Oltre a mio fratello, alle riflessioni di mia cognata (entrambi medici) o ai post intelligenti di altri medici che stimo molto, come per esempio il cugino di Gigi, apprezzo e seguo con piacere altri esperti che sensibilizzano, raccontano e spiegano (ad esempio Paolo Spada, davvero illuminato e illuminante).
Ma non ho invece nulla da spartire con i pessimisti e incazzati con la vita che ora sfruttano una laurea in medicina per portare avanti la battaglia della propria vita diventando dei leoni da tastiera.
Sensibilizzare sì, diventare matti legittimati da una laurea e seminare panico proprio no.
E ci tengo a precisarlo perché le persone leggono sempre nelle righe un pretesto per attaccarti: non parlo di giusto o sbagliato a livello concettuale. Parlo dei modi. Dei modi con cui si esprimono le cose. Punto.
A maggior ragione se sei medico devi stare bene attento a come comunichi.
Detto questo io penso che il male sia sempre anche negli occhi di chi guarda.
E, tralasciando chi poco intelligentemente esagera, porta, al di là degli scherzi, il peluche al parco o va a correre, io vorrei vedere più amore ed empatia e meno rabbia e cattiveria. Soprattutto ora.
Sono chiusa in casa come ci è stato richiesto ma l’altro ieri sono uscita per fare la spesa.
Sola ovviamente.
Sono riuscita a farla per noi e mia madre girando oltre 4 supermercati.
E non perché cercassi la carne di kobe o un formaggio inglese particolare.
Ho girato vari supermercati perché l’Esselunga aveva una coda infinita e dovevo tornare dalle bambine perché Gigi aveva delle call importanti.
Non sono riuscita a trovare slot liberi per farla online e, soprattutto, perché dovevo farla sia per noi che per mia madre.
Sono riuscita a prendere pochissime merci (pollo, latte, acqua, pasta, pane, tonno) solo a più riprese in diversi posti, perché molti punti vendita stanno subendo scioperi da parte degli autotrasportatori (a cui va il mio pensiero perché si stanno facendo un culo quadrato).
E, pur non volendo né dovendo fare la spesa per un pranzo medioevale ho preferito fare una spesa media senza saccheggi ma nemmeno giornaliera, proprio per evitare di uscire a più riprese. Proprio per attenermi alla quarantena.
E mentre attraversavo la città per andare da mia madre ho incontrato alcune persone a cui ho scambiato un sorriso e che ho salutato.
Non ho pensato che fossero delle merde da denunciare.

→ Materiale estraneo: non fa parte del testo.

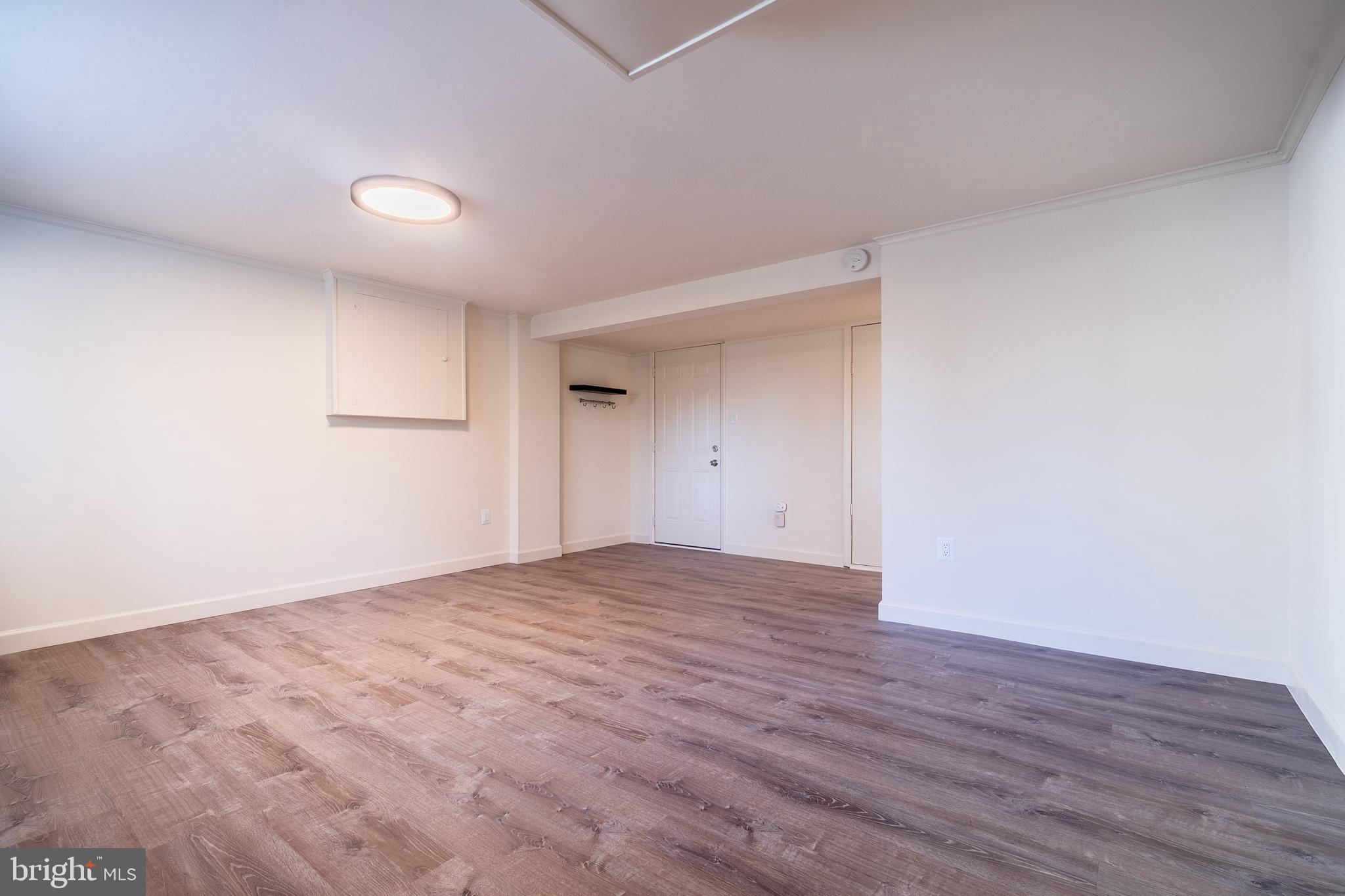 MAPLE VIEW PARK - Residential Lease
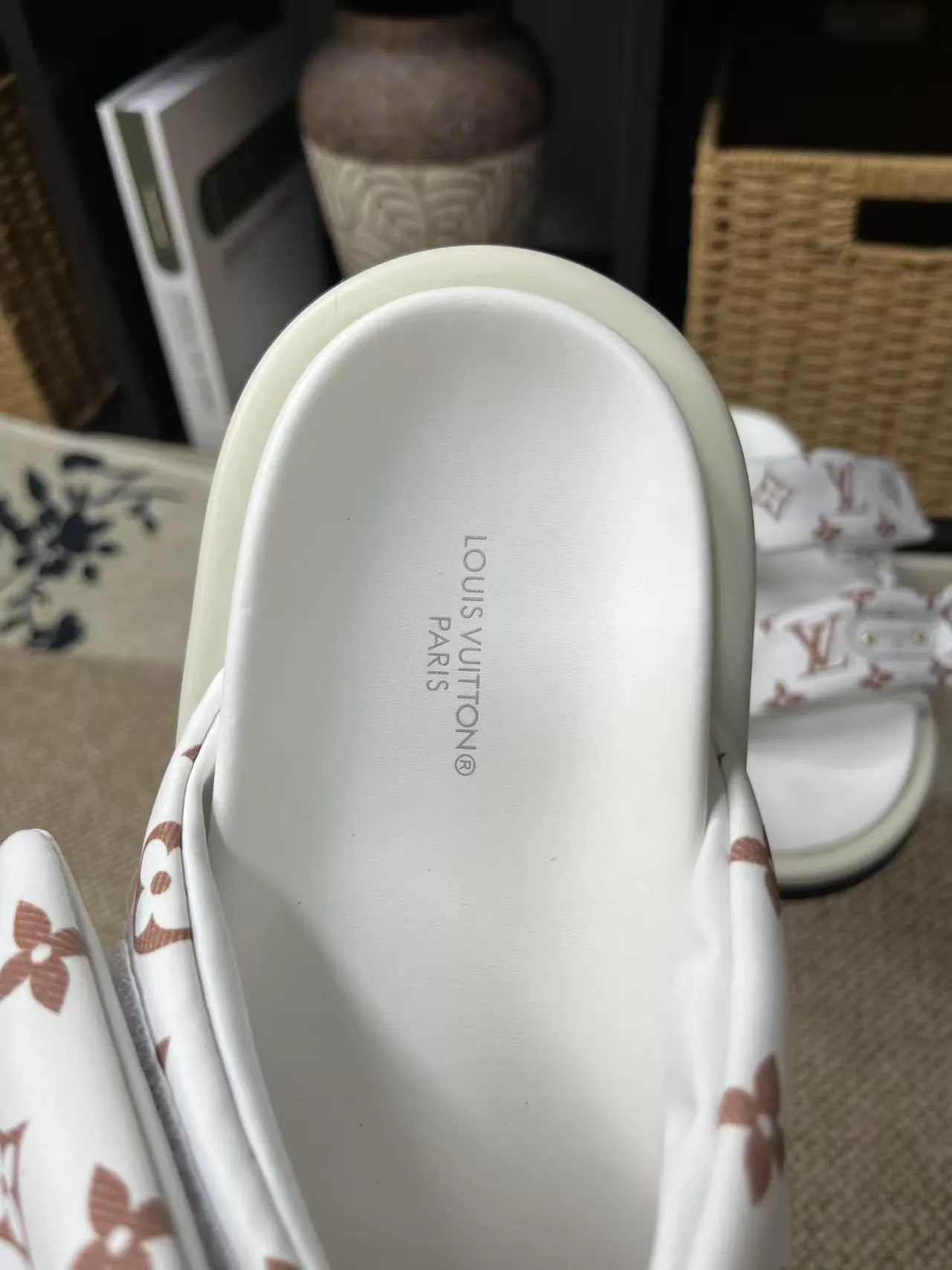 P340 yuan LV Louis Vuitton Full of high-end feel! A popular model among bloggers at home and abroad, it’s retro and fashionable, and looks stunning on your feet! Mainly recommended model on the official website★ ━━━━━ ЅᏇєєt ━━━━━ ▪️Upper: original calfskin ➕5D printing process ▪️Inner: imported mixed sheepskin ▪️Outsole: original molded foam outsole ▪️Size: Female 35-40 Men's 39-44 (women's 41 men's 45)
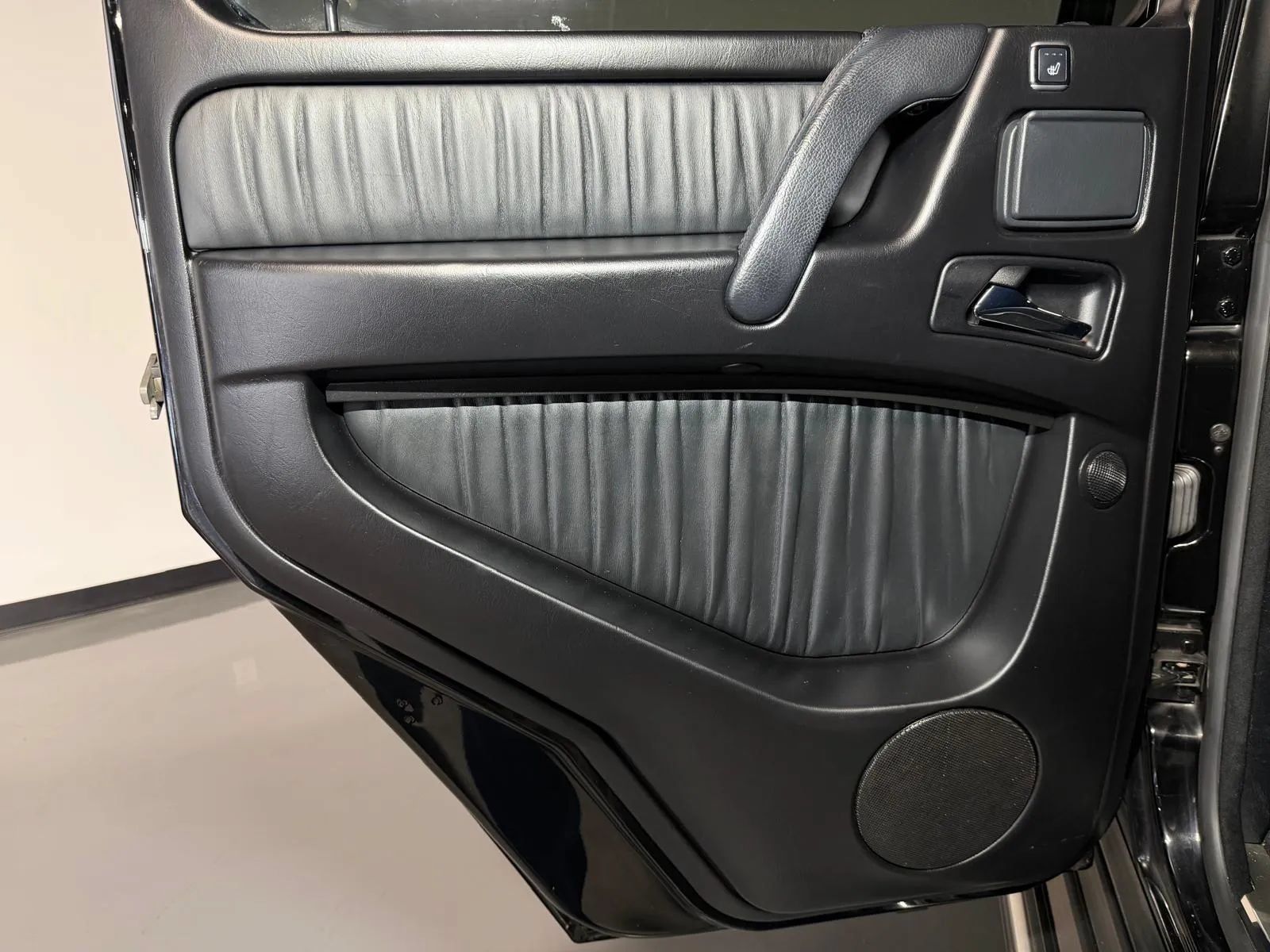Used 2015 Mercedes-Benz G 63 AMG 4MATIC image 19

Ci vuole anche buon senso in questo. Ho prima pensato che avessero le loro buone ragioni per essere usciti, magari come me per fare la spesa o in farmacia o per andare al lavoro. Perché un sacco di gente sta lavorando e non può farlo in casa.
Io credo che la cattiveria spesso sia negli occhi di chi guarda.
Ripeto: runners e grigliate al parco a parte, proviamo a essere meno arrabbiati.
Che non significa essere superficiali. La gente muore e il dolore è tangibile.
Ma non perdiamo nemmeno di vista la nostra umanità.
Anche e soprattutto nell’argomentare la cosa.
Non siamo esperti nè paladini della giustizia.
Anche sui social: ognuno si appelli al proprio buon senso. Utilizzi il proprio seguito per fare qualcosa di giusto e utile.
Ho colleghe che stanno facendo un ottimo lavoro e che apprezzo molto per come riescono a fare informazione, in modo molto bilanciato pur ovviamente dicendo la loro. Inutile scrivere nomi, loro lo sanno e lo possono intuire dai miei like.
Ma nemmeno diventare tutti esperti puntando il dito contro chi scherza e prova a sdrammatizzare.
Sempre nel rispetto degli altri ricordiamoci che siamo tutti diversi, ma che tutti abbiamo paura allo stesso modo.
Aiutiamoci a migliorarci e ad agire meglio e con più attenzione verso il prossimo.
Non mettiamoci solo in croce.
Questo è il mio personalissimo punto di vista, ovviamente.